After being so informed by the Editorial Administrator, I then read on the "Science and Society" webpage that, “Unlike the practice of many journals, assigned book reviews are evaluated by the Manuscript Collective prior to publication.”

In the course of the overall editorial process (in the period between when I received the initially submitted review from the Editorial Administrator and the final publication of the review) several statements were elided from the reviewer’s original submission.
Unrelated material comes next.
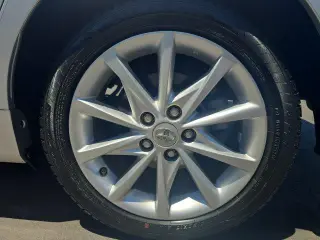 Toyota Prius v 2014 Five 4dr Wagon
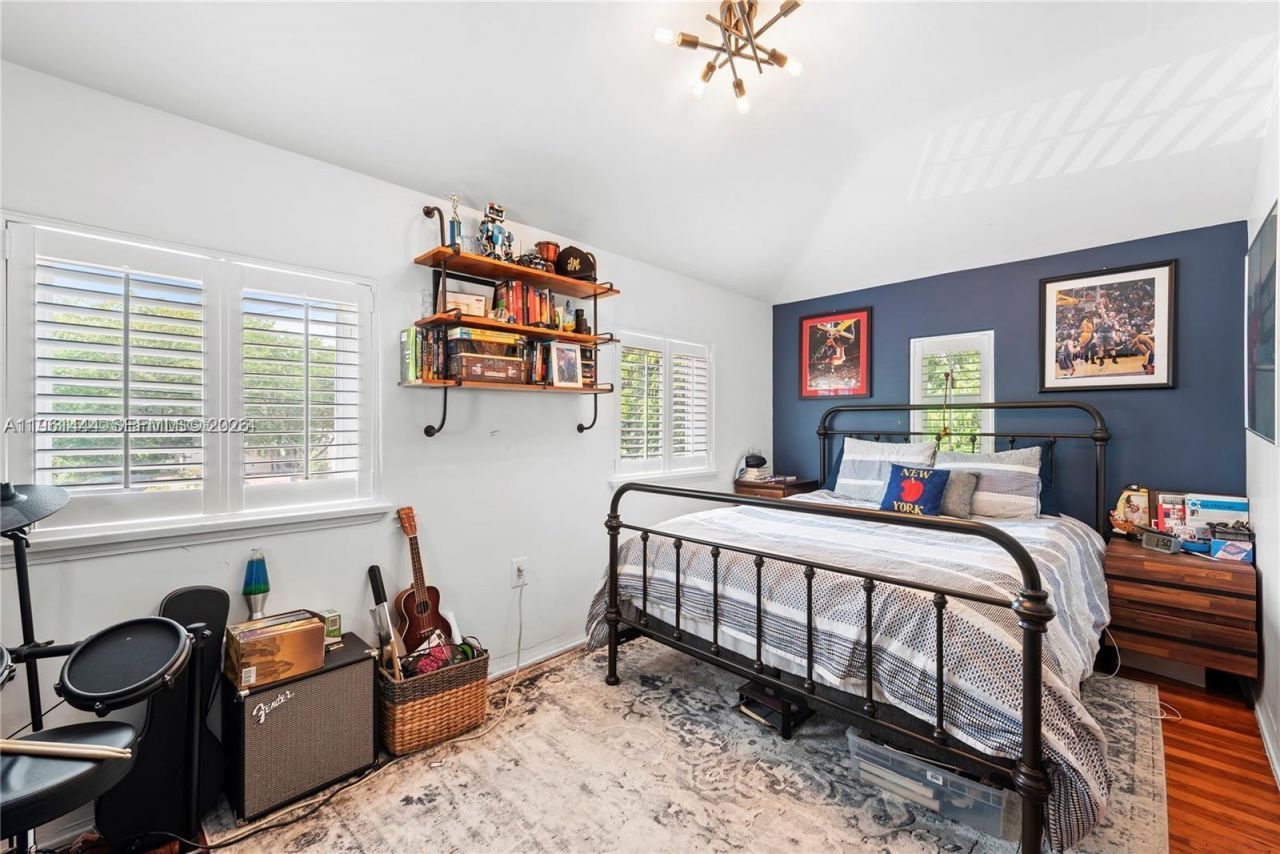 5621 Alton Rd, Miami Beach, FL 33140 Photo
Among the statements that were removed and did not appear in the published review are the following:

“ . . . this volume is a well-thought out, meticulously researched narrative of Hubert Harrison’s life.”

“This volume is an indispensible [sic] addition to our understanding of Black radical history and Marxist praxis in the early twentieth century.”

“Perry makes an important contribution to academic writings produced over the past few decades initiated with the magnum opus by Winston James that discuss the significance of the Caribbean for Black radicalism in the U.S.”

I found what was elided from the review during "Science and Society’s" editorial process to be of interest.

Finally, I think that David Laibman, in his letter to me put forth a strawman argument not consistent with being part of a “serious community both rooted in and developing a systematic alternative vision and method” when he wrote “Authors will understandably wish to ‘answer’ every criticism; the resulting cacophony of argument would quickly drown out the review process as such, and would discourage reviewers from writing candid reviews.” I do not think what Laibman describes has to be the case, nor do I think that it was the case in this instance.

Most importantly, I think that encouraging more well-thought-out and documented exchange of ideas would lead to higher quality reviews and would help push our collective understanding to a higher level.